Par un mémoire en défense, enregistré le 9 mai 2022, le ministre de l’économie, des finances et de la souveraineté industrielle et numérique conclut au rejet de la requête.
Il fait valoir que :
— la requête est irrecevable dès lors que la décision de licenciement attaquée a été rapportée ;
— le moyen nouveau relatif au harcèlement moral est irrecevable car présenté après l’expiration des délais de recours ;
— les conclusions indemnitaires sont irrecevables faute de liaison du contentieux ;
— les conclusions nouvelles à fin d’injonction sont irrecevables ;
— les moyens présentés par la requérante ne sont pas fondés.
Vu les autres pièces du dossier.
Vu :
— le code de la sécurité sociale ;
— la loi n° 83-634 du 13 juillet 1983 ;
— le décret n° 86-83 du 17 janvier 1986
— le code de justice administrative.
Les parties ont été régulièrement averties du jour de l’audience.

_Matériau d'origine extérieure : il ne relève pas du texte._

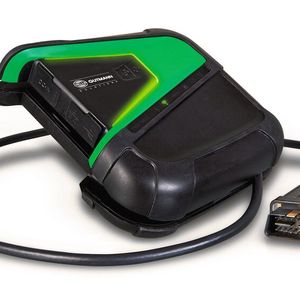 Weder Tastatur noch Display: Der neue Mega Macs X von Hella Gutmann bricht mit  Traditionen. Der bisweilen grün leuchtende Bogen nennt sich „Swoosh“. Er signalisiert Statusfunktionen unabhängig von der Diagnose.(Bild:  HGS)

Ont été entendus au cours de l’audience publique :
— le rapport de M. Gayrard, président-rapporteur,
— et les conclusions de Mme Delon, rapporteure publique,
Considérant ce qui suit :
1. Mme A a été recrutée par contrat du 5 novembre 2018 par la direction régionale d’Occitanie de l’Institut National de la statistique et des études économiques (INSEE) en tant qu’enquêtrice en contrat à durée déterminée à temps partiel à compter du 1er décembre 2018 pour exercer ses fonctions dans la résidence administrative de Ventabren. Mme A a été placée en arrêt maladie à compter du 27 janvier 2021 prolongé jusqu’au 21 juillet 2021 à raison d’un eczéma congénital. Par courrier du 6 avril 2021, Mme A a informé l’INSEE de son déménagement à compter du 7 mai 2021 à Seignosse (40). Par courrier du 21 avril 2021, la directrice régionale de l’INSEE, a informé Mme A de son licenciement à compter du 7 mai 2021. Cette décision a été retirée par une décision du 14 juin 2021, suite à la réception, le 25 avril 2021, par l’INSEE de la prolongation de l’arrêt de travail de Mme A à compter du 21 avril et jusqu’au 21 mai 2021. Mme A, a été réintégrée et placée rétroactivement à compter du 7 mai 2021 en position de congé maladie. Le 18 juillet 2021, la requérante a transmis à l’INSEE une lettre de démission de son emploi d’enquêtrice à compter du 22 juillet 2021. Le 24 juillet 2021, Mme A s’est vu notifier un titre de perception d’un montant de 1 990,27 € au titre d’un trop perçu de rémunération. Par la présente requête, Mme A demande l’annulation de ce titre de perception ainsi que la condamnation de l’INSEE à l’indemniser du préjudice moral qu’elle estime avoir subi ainsi que de son préjudice financier.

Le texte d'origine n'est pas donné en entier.